─── EXERCISE DATA ───
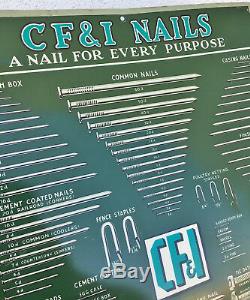 Vintage Original Colorado Fuel & Iron Corp. C F & I Nails Chart Tin Litho Sign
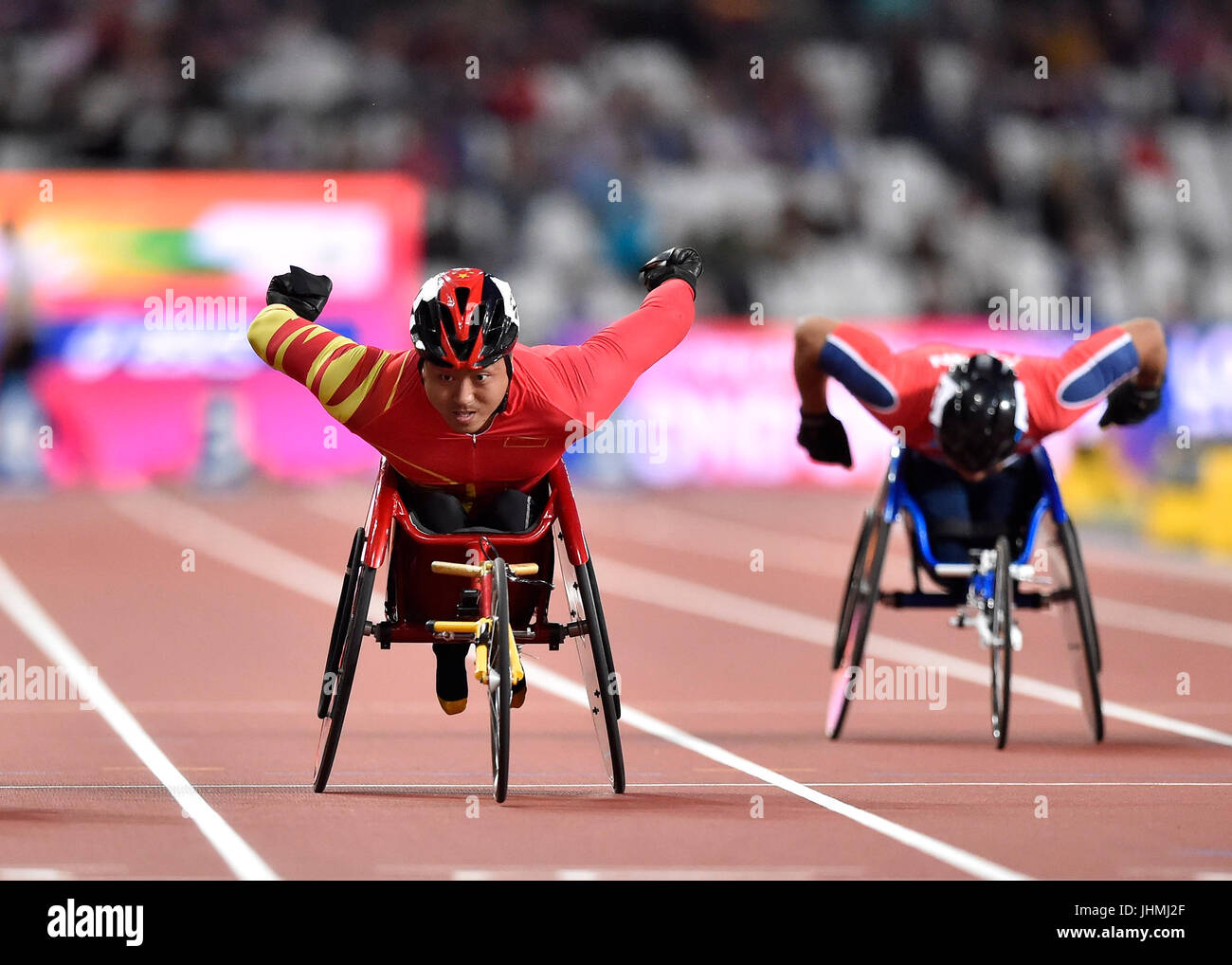 Londra, Regno Unito. 14 Luglio, 2017. Liu Yang (CHN) durante gli uomini 100M T54 finale al mondo Para Atletica Londra 2017 venerdì. Foto : Taka G Wu Credito: Taka Wu/Alamy Live News Foto Stock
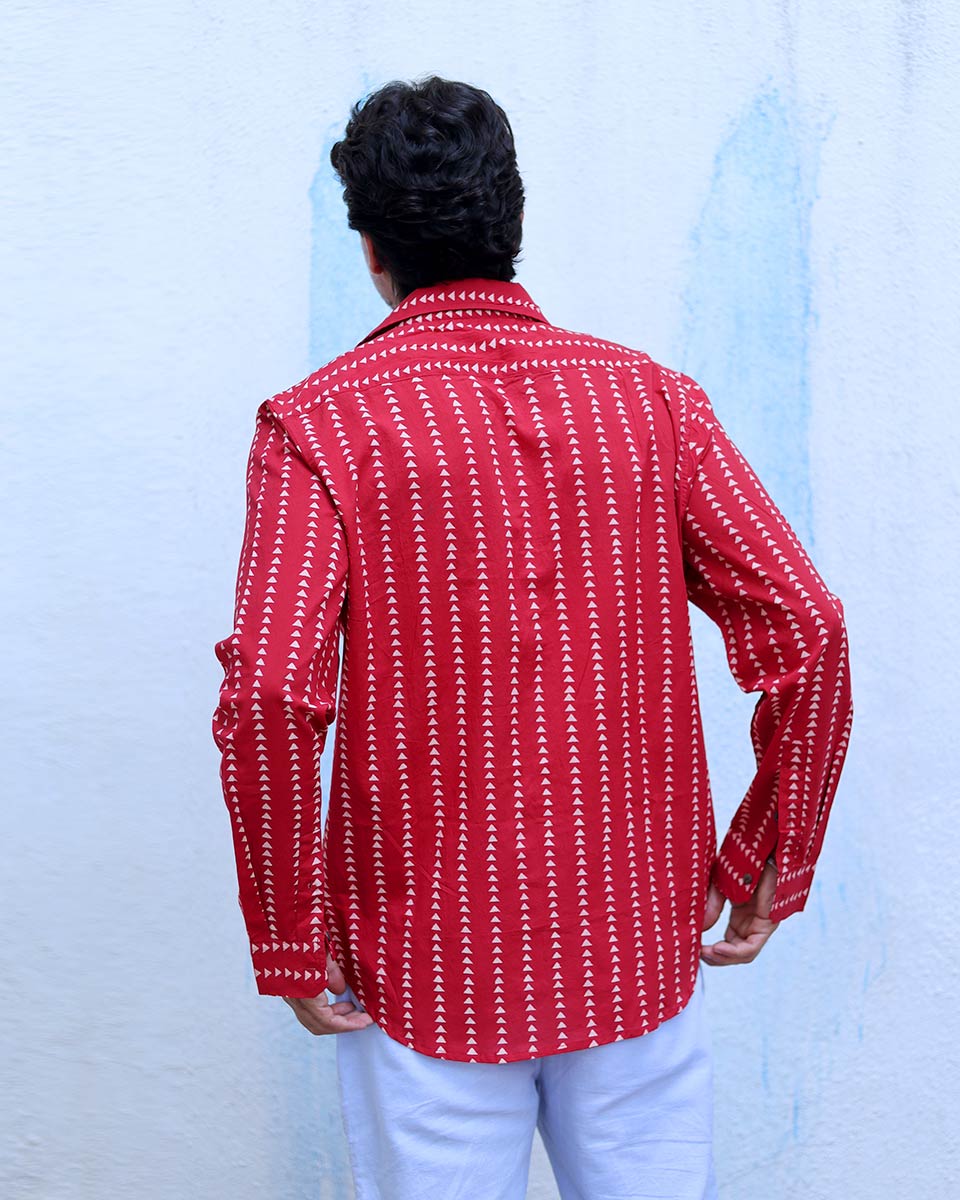 Raahi Red Hand Block Print Cotton Shirt -TOF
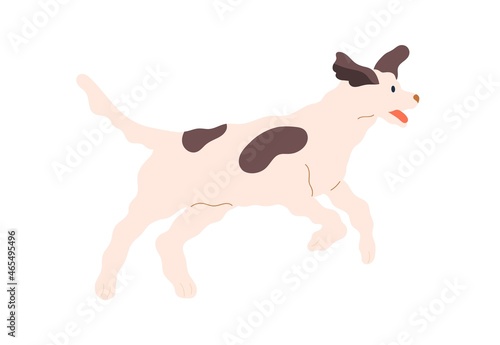 Happy cute dog running with joy. Friendly doggy walking with tail up. Joyful pet. Adorable canine animal. Flat vector illustration isolated on white background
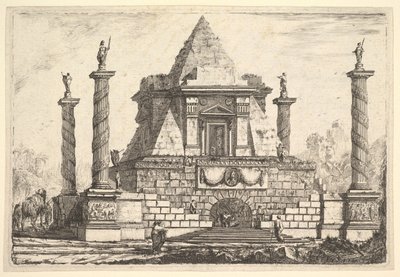 Imaginäre Architektur mit Kamel und Figuren, nach Della Bella von Pierre Moreau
───
§ **WORK REQUIRED**
Leave the pictures out and reproduce every record above exactly.

§ **SOLUTION TO THIS TASK**
 Vintage Original Colorado Fuel & Iron Corp. C F & I Nails Chart Tin Litho Sign
 Londra, Regno Unito. 14 Luglio, 2017. Liu Yang (CHN) durante gli uomini 100M T54 finale al mondo Para Atletica Londra 2017 venerdì. Foto : Taka G Wu Credito: Taka Wu/Alamy Live News Foto Stock
 Raahi Red Hand Block Print Cotton Shirt -TOF
 Happy cute dog running with joy. Friendly doggy walking with tail up. Joyful pet. Adorable canine animal. Flat vector illustration isolated on white background
 Imaginäre Architektur mit Kamel und Figuren, nach Della Bella von Pierre Moreau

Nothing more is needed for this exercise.